-------- The records --------

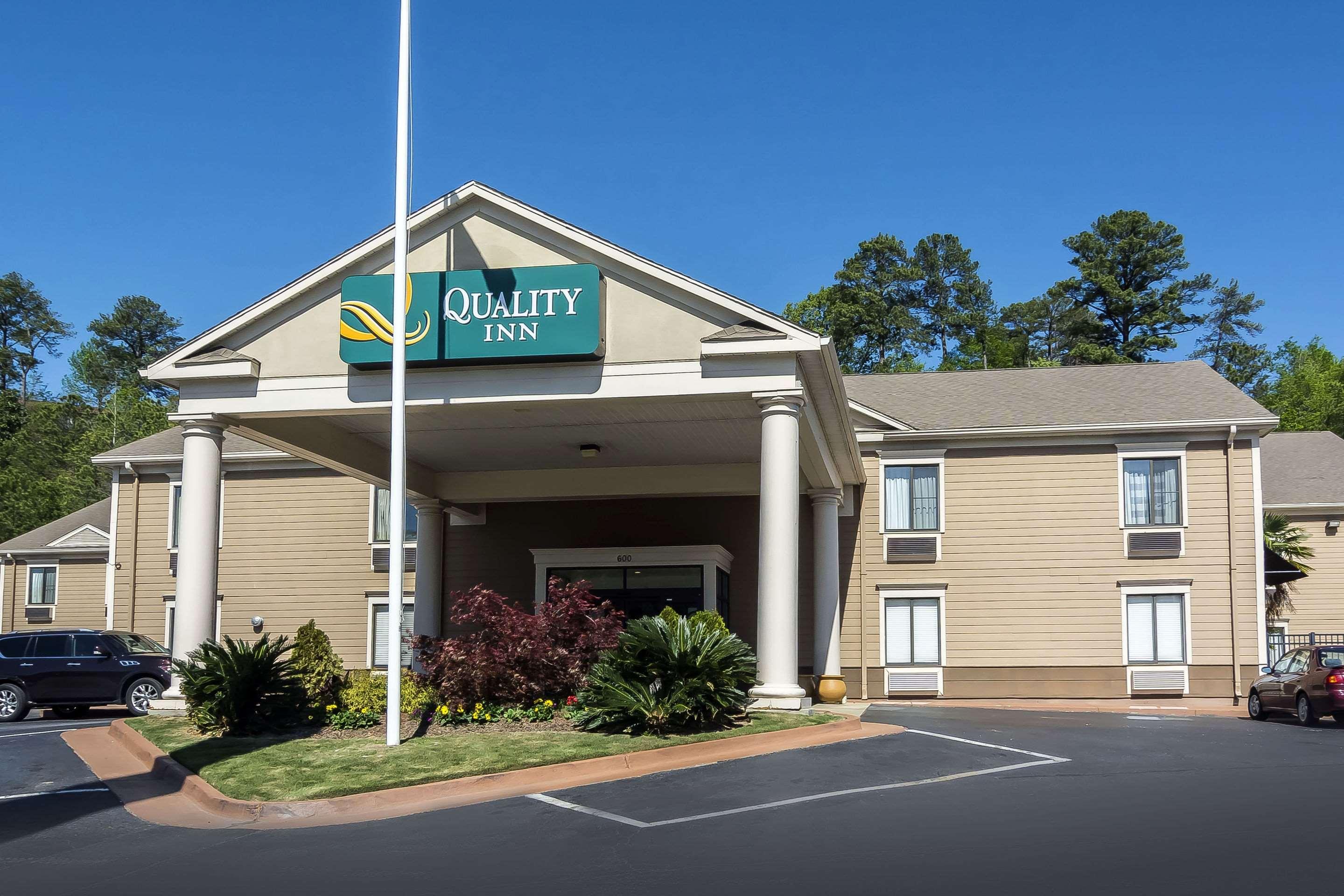 Quality Inn — photo 4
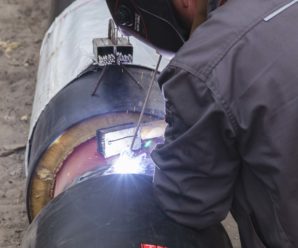 На вулицях Набережно-Луговій і Набережно-Хрещатицькій замінять 1,6 км трубопроводів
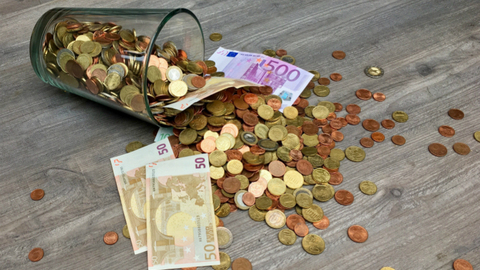 2019创投真相：BAT收紧腰包，钱都去哪了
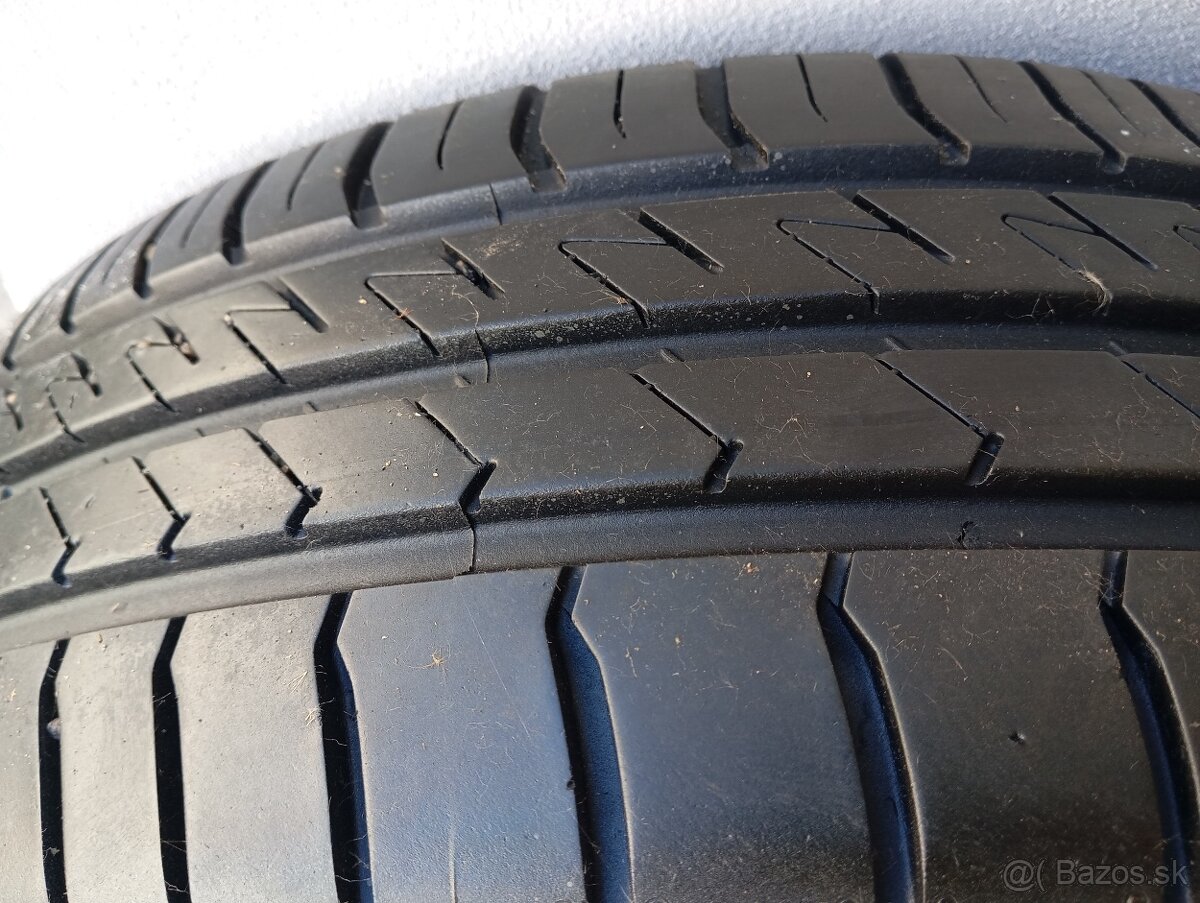 Letné pneumatiky Laufenn 185/65r15 - 5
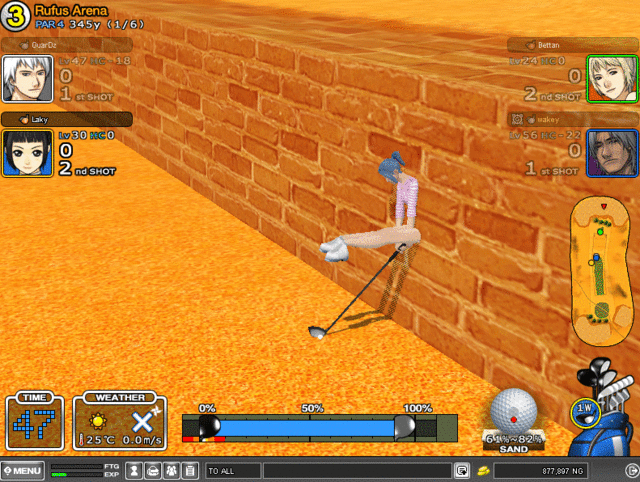 I wonder what holds her up like that...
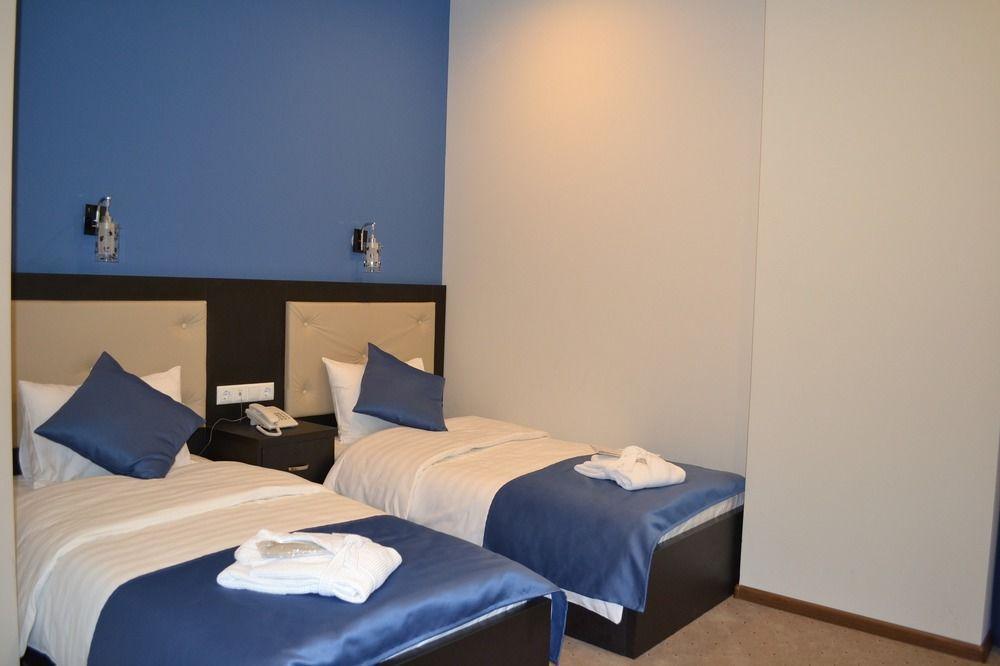 Dolabauri Hotel Tbilisi Zewnętrze zdjęcie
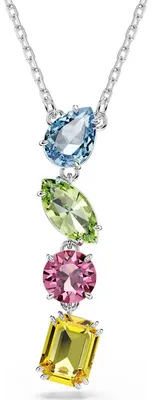 Produktbild von Swarovski Gema 5692421 Damenhalskette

--------

**Your goal**: Would it be possible to copy the material exactly, excluding the images?

**Answer space**:
 Quality Inn — photo 4
 На вулицях Набережно-Луговій і Набережно-Хрещатицькій замінять 1,6 км трубопроводів
 2019创投真相：BAT收紧腰包，钱都去哪了
 Letné pneumatiky Laufenn 185/65r15 - 5
 I wonder what holds her up like that...
 Dolabauri Hotel Tbilisi Zewnętrze zdjęcie
 Produktbild von Swarovski Gema 5692421 Damenhalskette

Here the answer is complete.